When only 26 patients with AAV, who had ILD after AAV diagnosis (identical to during follow-up), were considered as AAV patients with ILD, the significant differences in the incidence of ILD between MPA and EGPA patients and that between MPA and GPA patients, which were observed in Table 2, disappeared (Supplementary Table 1). In addition, the incidence of ILD still exhibited a significant difference between patients with MPO-ANCA (or P-ANCA) and those without; however, it was not found between those with and without PR3-ANCA (or C-ANCA) (Supplementary Table 2). However, like Table 4, there were no significant differences in both FVC and DLCO between patients with UIP and those with non-UIP (Supplementary Table 3). It could be concluded that MPO-ANCA (or P-ANCA), but not AAV type, might contribute to the incidence of ILD in AAV patients during follow-up, and there were still no differences in lung functions regardless of UIP or non-UIP. Therefore, closer attention regarding ILD occurrence by regularly performing chest imaging in AAV patients having MPO-ANCA (or P-ANCA) at AAV diagnosis [16].

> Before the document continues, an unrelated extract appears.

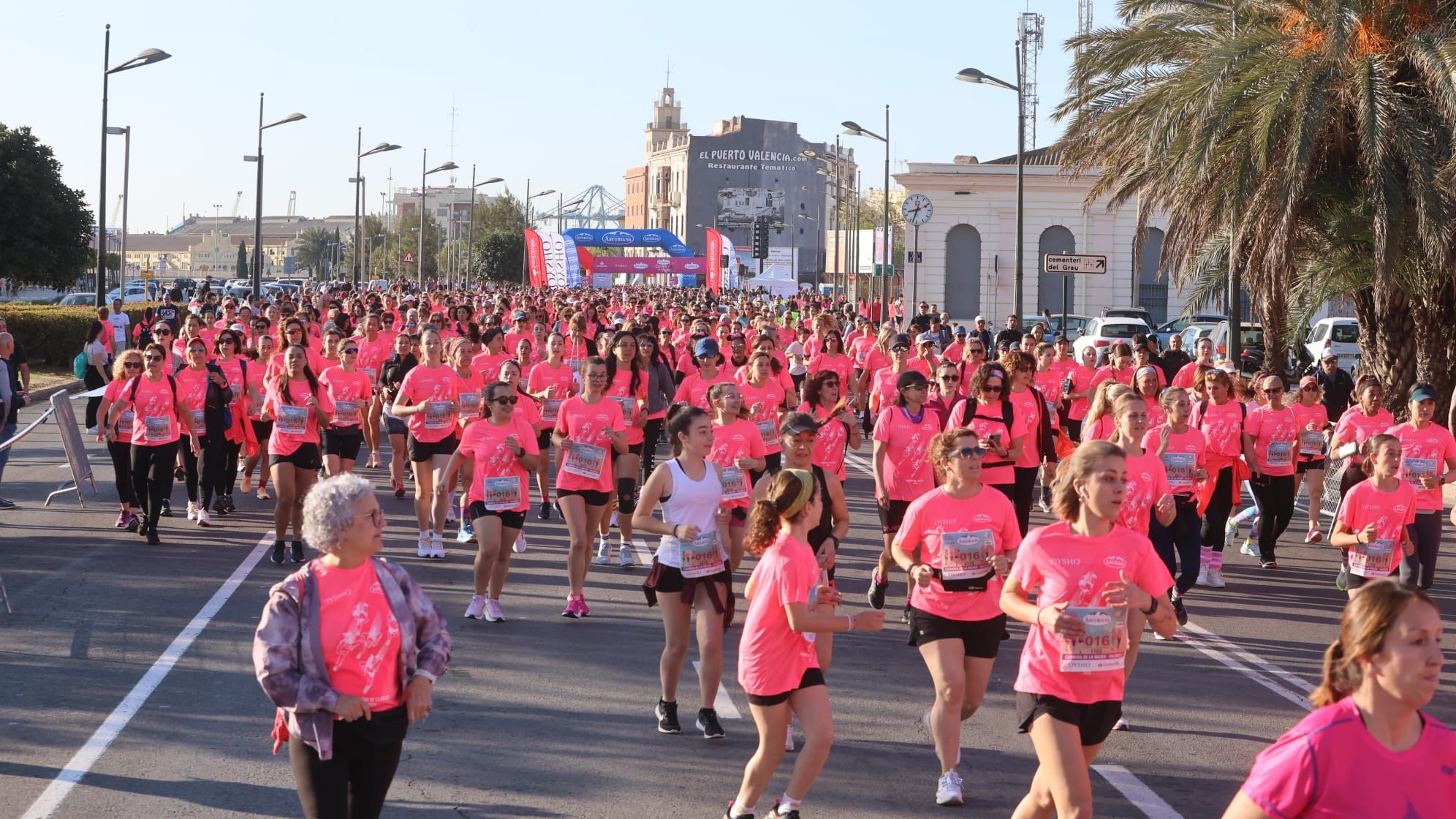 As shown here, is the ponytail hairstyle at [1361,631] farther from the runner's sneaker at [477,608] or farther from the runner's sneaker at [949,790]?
the runner's sneaker at [477,608]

On the other hand, the cumulative patients' survival rates according to the presence of ILD or UIP patterns in 26 patients who had ILD after the diagnosis of AAV were compared between the two groups. Patients with ILD tended to exhibit a lower cumulative patient's survival rate than those without ILD; however, no statistical significance was observed, whereas there was no significant difference between patients with UIP and those with non-UIP (Supplementary Fig. 1). Therefore, it might be concluded that not only ILD occurrence at or before AAV diagnosis but also ILD development after AAV diagnosis contributed to all-cause mortality in AAV patients together.

The strength of this study is that it is the first to investigate the frequency of ILD and the effects of ILD and its patterns on all-cause mortality in patients with AAV in Korea. This study also had some limitations. First, we could not determine the exact time of ILD occurrence in patients with AAV who had ILD at AAV diagnosis. Patients with AAV who might have had ILD before AAV diagnosis were considered to have ILD at AAV diagnosis. As this may alter the follow-up duration from ILD diagnosis to all-cause mortality, it may have influenced mortality outcomes according to the UIP or non-UIP patterns. Only 45 of 53 AAV patients with ILD underwent PFTs, which may have confounded the analysis of the correlation between PFT results and the mortality rate. Additional limitations include the small number of patients with AAV due to the single centre and retrospective study. A future prospective study with a larger number of patients and serious HRCT and PFT results will provide more dynamic and reliable data on the clinical implications of ILD on the prognosis of patients with AAV.

5. Conclusion

ILD occurred in one-fifth of Korean patients with AAV in this study and was associated with MPA and MPO-ANCA vasculitis. In addition, ILD significantly increased the rate of all-cause mortality in these patients with AAV. Therefore, we suggest the need for more attention and more frequent regular visit for patients with AAV and ILD regardless of the time of ILD occurrence.